## Work request:
Copy each line in the data that includes the word "Royal".

## Dataset extract:
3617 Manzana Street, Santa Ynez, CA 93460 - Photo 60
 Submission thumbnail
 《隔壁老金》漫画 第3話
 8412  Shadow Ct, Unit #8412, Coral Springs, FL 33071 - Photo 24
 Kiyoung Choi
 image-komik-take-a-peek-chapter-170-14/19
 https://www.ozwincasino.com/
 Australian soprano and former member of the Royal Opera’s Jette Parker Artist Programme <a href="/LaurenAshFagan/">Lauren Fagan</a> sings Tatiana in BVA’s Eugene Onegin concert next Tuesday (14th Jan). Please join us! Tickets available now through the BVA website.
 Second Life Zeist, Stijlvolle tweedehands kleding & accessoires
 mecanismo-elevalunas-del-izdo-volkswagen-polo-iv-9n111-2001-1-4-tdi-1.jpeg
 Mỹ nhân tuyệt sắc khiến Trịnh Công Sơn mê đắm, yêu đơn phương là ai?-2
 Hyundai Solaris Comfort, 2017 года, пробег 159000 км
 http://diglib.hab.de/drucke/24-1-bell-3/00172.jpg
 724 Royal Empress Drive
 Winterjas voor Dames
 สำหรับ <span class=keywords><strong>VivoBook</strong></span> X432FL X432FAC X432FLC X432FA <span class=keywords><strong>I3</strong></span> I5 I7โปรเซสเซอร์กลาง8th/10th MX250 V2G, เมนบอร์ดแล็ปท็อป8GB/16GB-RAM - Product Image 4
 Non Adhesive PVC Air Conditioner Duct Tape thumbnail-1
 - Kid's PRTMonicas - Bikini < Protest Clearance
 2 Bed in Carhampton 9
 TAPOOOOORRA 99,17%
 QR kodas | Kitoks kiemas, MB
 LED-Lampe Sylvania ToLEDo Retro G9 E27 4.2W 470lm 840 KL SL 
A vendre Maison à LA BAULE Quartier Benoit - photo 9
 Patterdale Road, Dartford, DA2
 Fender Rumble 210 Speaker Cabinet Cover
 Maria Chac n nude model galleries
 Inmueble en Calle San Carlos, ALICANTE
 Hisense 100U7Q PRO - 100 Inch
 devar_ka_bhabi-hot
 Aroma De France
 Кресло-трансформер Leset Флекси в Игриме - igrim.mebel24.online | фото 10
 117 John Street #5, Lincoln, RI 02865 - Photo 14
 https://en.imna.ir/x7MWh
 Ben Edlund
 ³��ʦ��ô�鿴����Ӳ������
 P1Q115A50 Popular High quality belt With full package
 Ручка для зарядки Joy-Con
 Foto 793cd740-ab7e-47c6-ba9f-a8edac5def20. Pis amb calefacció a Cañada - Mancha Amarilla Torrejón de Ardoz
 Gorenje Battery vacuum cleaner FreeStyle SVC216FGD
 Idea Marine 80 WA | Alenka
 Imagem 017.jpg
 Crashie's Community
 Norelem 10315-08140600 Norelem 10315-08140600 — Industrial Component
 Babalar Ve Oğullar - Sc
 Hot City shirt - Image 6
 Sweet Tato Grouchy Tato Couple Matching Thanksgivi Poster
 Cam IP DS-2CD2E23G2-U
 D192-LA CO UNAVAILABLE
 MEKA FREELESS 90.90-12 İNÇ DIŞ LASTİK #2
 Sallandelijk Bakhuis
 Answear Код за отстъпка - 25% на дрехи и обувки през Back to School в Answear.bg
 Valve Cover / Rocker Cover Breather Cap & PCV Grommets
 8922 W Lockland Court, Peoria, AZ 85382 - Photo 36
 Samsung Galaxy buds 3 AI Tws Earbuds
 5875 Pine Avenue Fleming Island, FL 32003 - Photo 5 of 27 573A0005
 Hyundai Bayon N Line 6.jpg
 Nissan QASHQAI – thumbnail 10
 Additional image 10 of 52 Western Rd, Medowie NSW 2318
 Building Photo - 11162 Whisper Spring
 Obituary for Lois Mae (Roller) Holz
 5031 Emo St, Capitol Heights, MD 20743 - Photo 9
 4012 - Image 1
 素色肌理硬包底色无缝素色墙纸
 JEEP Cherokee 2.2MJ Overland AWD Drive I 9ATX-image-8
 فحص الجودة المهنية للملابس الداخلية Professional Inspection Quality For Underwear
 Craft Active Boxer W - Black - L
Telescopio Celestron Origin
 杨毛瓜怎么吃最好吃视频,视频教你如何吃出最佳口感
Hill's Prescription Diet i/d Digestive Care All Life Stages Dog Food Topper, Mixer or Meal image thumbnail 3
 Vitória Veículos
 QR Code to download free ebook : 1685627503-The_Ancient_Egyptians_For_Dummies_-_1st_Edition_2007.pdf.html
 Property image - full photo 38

## Exercise solution:
 Australian soprano and former member of the Royal Opera’s Jette Parker Artist Programme <a href="/LaurenAshFagan/">Lauren Fagan</a> sings Tatiana in BVA’s Eugene Onegin concert next Tuesday (14th Jan). Please join us! Tickets available now through the BVA website.
 724 Royal Empress Drive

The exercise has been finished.